Church of the Holy Spirit members also take their volunteer efforts beyond the church walls, Pryne said. One group of women recently helped found Vashon Earth Care, an ecumenical group devoted to environmental stewardship.
“This parish is chock full of activists,” Pryne said. “It’s crammed with people active on the Island and in the wider world.”
Pryne, who came to the Church of the Holy Spirit two years ago, said perhaps one of the congregation’s greatest outreach tools is the large, grass labyrinth that sits just north of the church building. Pryne said people of every faith use the labyrinth, an ancient spiritual practice with pre-Christian roots.
“It’s a way of going into your inner workings that’s not a book or a preacher, not a community,” Pryne said. “Often people go in with an intention — a grief process, to meditate on a scripture passage or … with the intention of asking and inviting God’s presence.”
And just as the labyrinth draws those from all walks of life, Pryne says, the Church of the Holy Spirit strives to be a place where anyone feels comfortable walking through the front doors. For instance, she said, one church member also participates in Buddhist mediation practices and another is the spouse of a Jew who worships elsewhere.

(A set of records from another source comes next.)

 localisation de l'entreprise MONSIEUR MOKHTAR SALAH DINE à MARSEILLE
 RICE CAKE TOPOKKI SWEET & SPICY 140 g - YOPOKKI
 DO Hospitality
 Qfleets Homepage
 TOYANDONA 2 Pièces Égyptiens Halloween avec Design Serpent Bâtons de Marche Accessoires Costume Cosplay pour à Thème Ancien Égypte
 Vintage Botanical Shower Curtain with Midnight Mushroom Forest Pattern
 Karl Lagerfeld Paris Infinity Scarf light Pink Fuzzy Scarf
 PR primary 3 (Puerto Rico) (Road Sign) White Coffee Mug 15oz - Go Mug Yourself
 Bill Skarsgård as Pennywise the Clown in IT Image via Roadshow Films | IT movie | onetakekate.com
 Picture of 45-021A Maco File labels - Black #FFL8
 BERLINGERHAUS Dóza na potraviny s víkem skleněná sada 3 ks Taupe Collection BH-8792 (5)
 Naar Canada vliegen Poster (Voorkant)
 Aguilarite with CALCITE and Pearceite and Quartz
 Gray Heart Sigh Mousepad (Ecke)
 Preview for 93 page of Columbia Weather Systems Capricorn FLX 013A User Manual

Swain said that although church leadership would like to see more younger people join the parish, they’re pleased with the size of the congregation and the diversity it has drawn.
“People are coming because people are inviting them, and people here are enjoying being here,” Swain said.
A religious exploration class that began in recent years has helped attendants consider their beliefs, Pryne said, and last year a series on spirituality in mid-life drew both Christians and non-churchgoers.
“We support people in their search for God,” she said. “We’re not trying to change people or make them like us. What we are trying to do is welcome them and give them tools of a spiritual nature and help them worship in community.”
This Friday the church will open its doors for a concert by acclaimed harpsichordist Jillon Dupree (see story, page 12). The concert will also raise money for the church’s music program, now headed by Islander Paul Swenson, a talented composer who has boosted the program and even writes original worship songs.
Some say Pryne, who brought Swenson to the church, has ushered in a new era there. Before she came, the parish went through two interim priests and experienced some bumps in the road as they searched for a replacement.
Islander Rex Stratton began attending the church when Pryne, whom he knew from her time at St. Mark’s Cathedral in Seattle, came on board. He said he’s impressed with her leadership style and has seen the congregation grow under her direction.
“I came because of Carla and her strength as a minister,” Stratton said. “She has absolutely incredibly good sermons and has a really nice view of Christianity.”
As the church continues its celebrations, Pryne said members are looking ahead to how they can take up the spirit of those whose stories are laid out on the history panels.
In an effort to reach out to an even wider demographic, members hope to boost their children’s ministry, and in the fall they will pilot a new weeknight service to focus more on music and appeal to those who may not attend a Sunday morning service.
“We ask ourselves today ... how do we speak of the grace we know and the hope we hold in our world and on this Island,” Pryne said. “We don’t have faith in a void ... but part of a much broader community.”